То, что причины революции и ее долгого последействия коренятся не в субстанциальных силах (вспомним опять Гегеля) российской истории, а прежде всего в ее надстроечной части, отвечает на ставший дежурным уже вопрос: актуальны ли «Вехи»?
Да, что же, кроме них, есть вообще для России актуального?! Разве в остальном мы не разочаровались?

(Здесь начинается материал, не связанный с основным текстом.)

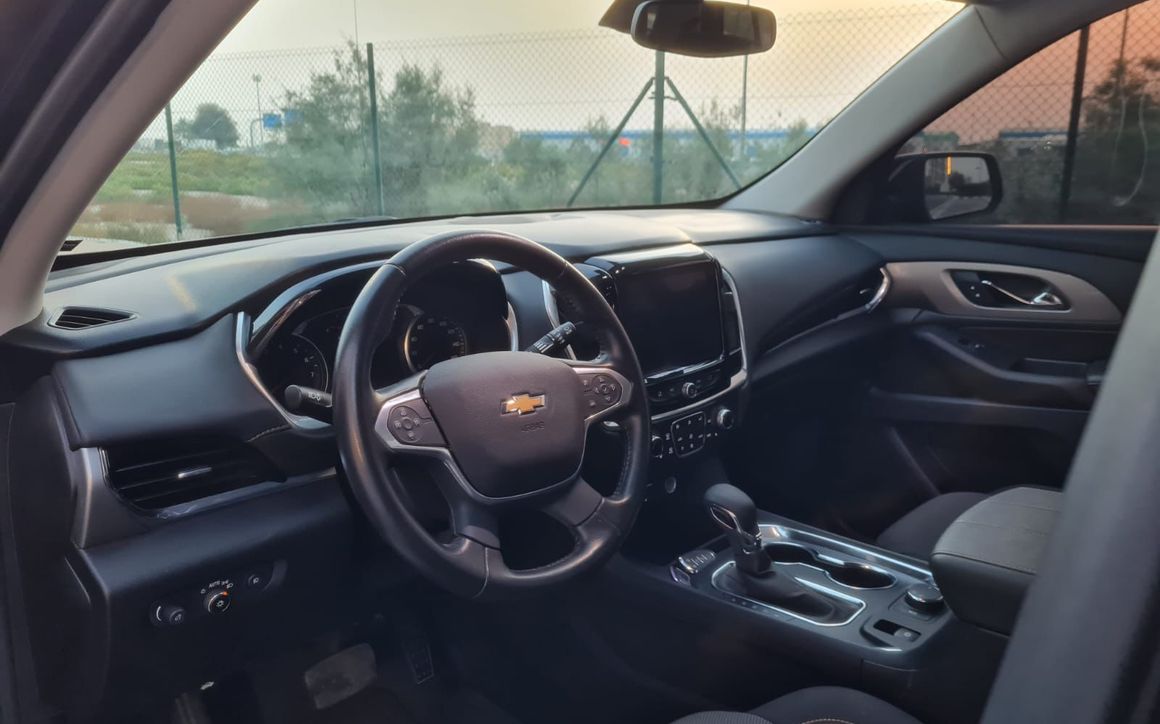 CHEVROLET TRAVERSE - image 5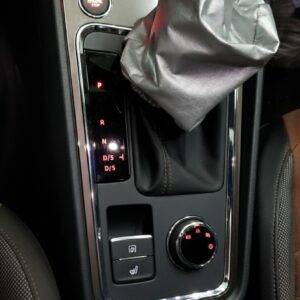 Kit 3 piezas servicio. (cubre asiento tamaño estandar + cubre volante + cubre palanca )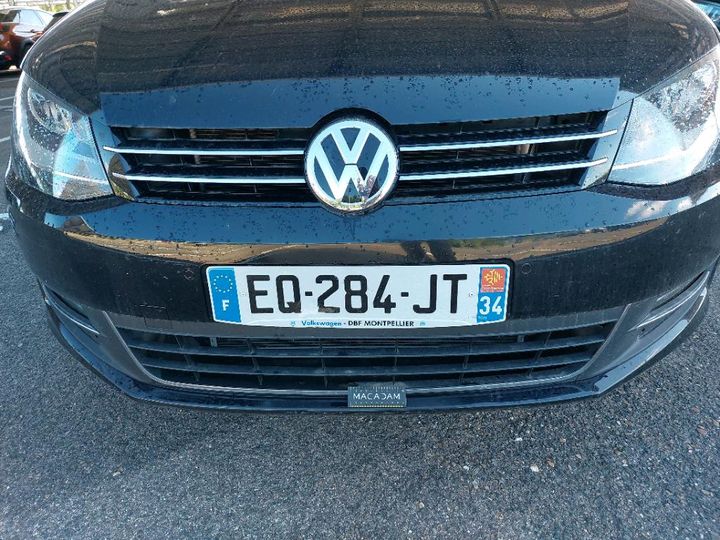 Photo 18 VIN: WVWZZZ7NZJV011161 - VOLKSWAGEN SHARAN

Кому теперь неизвестно, что появление сборника «Вехи» в 1909 году вызвало беспрецедентное общественное возбуждение и яростный отпор? За исключением немногих положительных откликов со стороны единомышленников и симпатизантов (журнал Струве «Русская мысль». «Московский еженежельник» кн. Е.Н. Трубецкого, журнал «Весы», отзыв А.Белого; газета «Новое время», отзыв В.В. Розанова, и еще несколько менее известных изданий) с разных политических флангов скандализованного общества – от ревдемократического до либерально-кадетского – в смельчаков бросали бешено каменья. «Пророческая глубина “Вех”, – писал Солженицын в 70-е годы в статье “Образованщина”, – не нашла (и авторы знали, что не найдут) сочувствия читающей России, не повлияла на развитие русской ситуации, не предупредила гибельных событий; вскоре и название книги, эксплуатированное другою группою авторов (“Смена вех”) узкополитических интересов и невысокого уровня, стало смешиваться, тускнеть и вовсе исчезать из памяти новых русских образованных поколений, тем более – сама книга из казенных советских библиотек». А похороны в 1921 году «Вехам» были и вправду устроены громкие – и не властью, уже вставшей на ноги и позволявшей себе без нужды о них не вспоминать, но идейными коллаборационистами, сменовеховцами: они клеймили авторов «Вех» с высоты своего «реалистического» государственничества за поражение их «нежизненного» христианского идеализма, изобличая его сразу в двух несовместимых грехах – родстве с большевизмом и недооценке его благодеяний для России.